PORTSMOUTH, Va. (WAVY) – The City of Portsmouth has an opioid problem. When the pandemic hit, drug overdoses increased 70% from 2020 to 2021.

The Portsmouth Health Department hosted an anti-stigma training conference Thursday to fight the epidemic and help people find hope.

The “Pledge to Be Stigma Free” took place at the Renaissance Waterfront Hotel and is a part of the effort to address individuals with substance use disorder being affected by the opioid overdose crisis. The conference included expert discussions, integrative approaches and voices from the field.

“The judgements just need to come down,” said keynote speaker Marlon Bacote.

The well-dressed, well-spoken man is a recovering addict.

“I was on an $80,0000 scholarship in Boston playing football (and) tore my leg up,” Bacote told WAVY. “The opioids started and then the cocaine addiction wasn’t too far behind it.”

Health professional and mother of four, Tara Allison, is also a recovering addict.

“Drugs are just a symptom of what’s wrong,” Allison said. “We’re seeking a solution for a problem that people aren’t addressing in our culture.”

The Portsmouth Health Department brought together a group of police, EMS responders, healthcare providers and others after forming the Portsmouth Coalition for Overdose Prevention.

“Addiction really is not the exception, it’s more so the norm,” said Portsmouth Health Director Dr.

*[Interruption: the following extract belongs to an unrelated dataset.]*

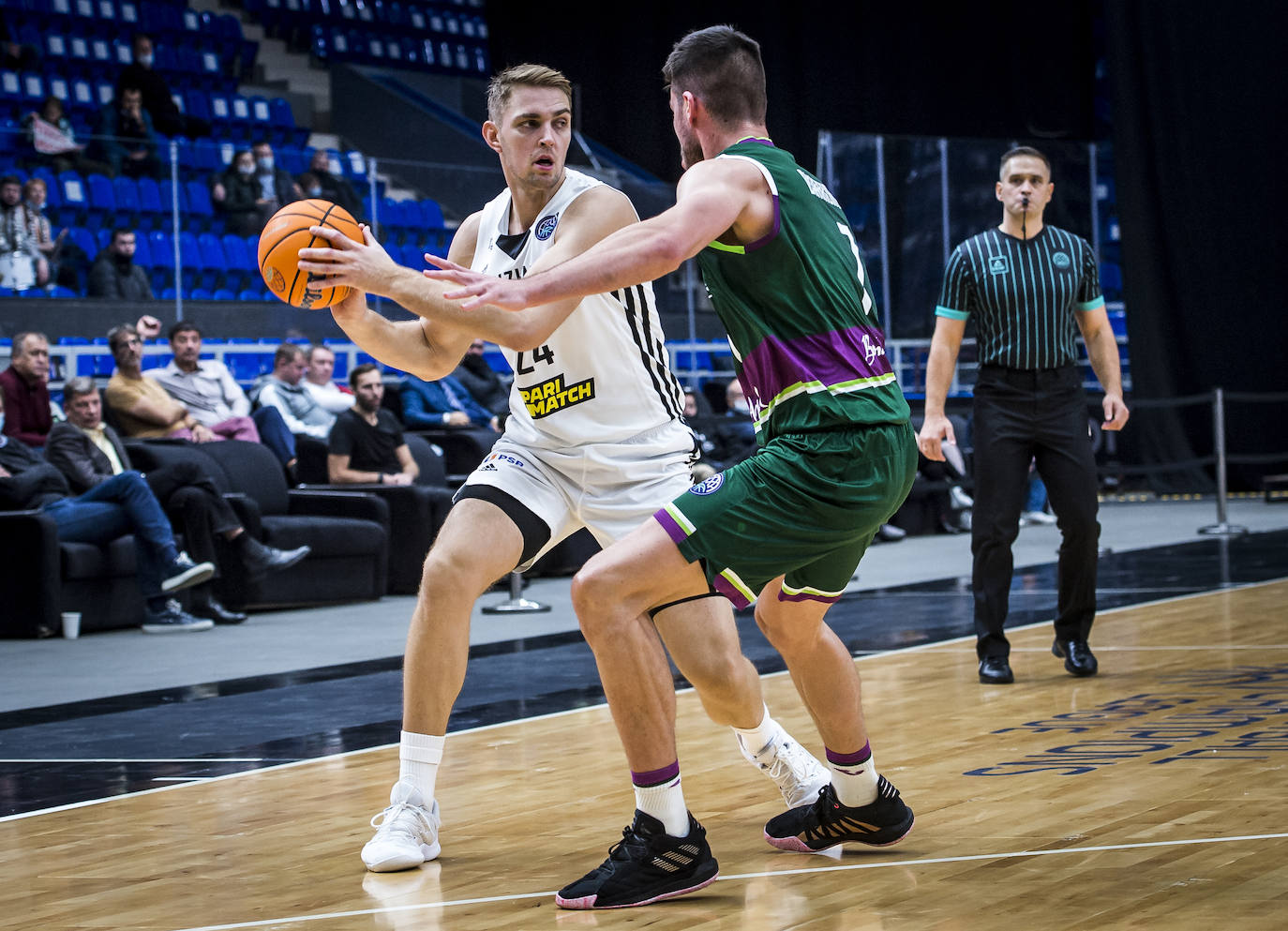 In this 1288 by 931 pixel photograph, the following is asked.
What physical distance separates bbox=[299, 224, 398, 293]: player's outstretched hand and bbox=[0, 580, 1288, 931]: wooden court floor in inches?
45.7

Kavita Imrit-Thomas. “Eighty percent of us has some sort of addiction, whether it’s caffeine, whether it’s work, whether it’s sleep, whether it’s food.”

The Centers for Disease Control awarded Portsmouth a grant to tackle the opioid crisis. The anti-stigma training put on with money from that grant aims to change attitudes and actions towards addicts.

“There’s the nocebo effect that shows just by talking with a certain person with compassion and care that you can really alter the outcome of that behavior,” Imrit-Thomas said.

The message for all of us, Bacote said, is to “stop the name calling.”

Allison implored that we all need to start to understand.

“At the end of the day, under that disease, under that grip,” Allison said, “there is a human being in there that needs compassion, that needs love.”

Know more

The Portsmouth Health Department will take its message to the masses during the Umoja Festival on Memorial Day weekend. At its booth, you will be able to pick up a ‘Harm Reduction Kit’ which includes Narcan and fentanyl testing strips. Health professionals will be training folks right there on how to use the potentially life-saving tools.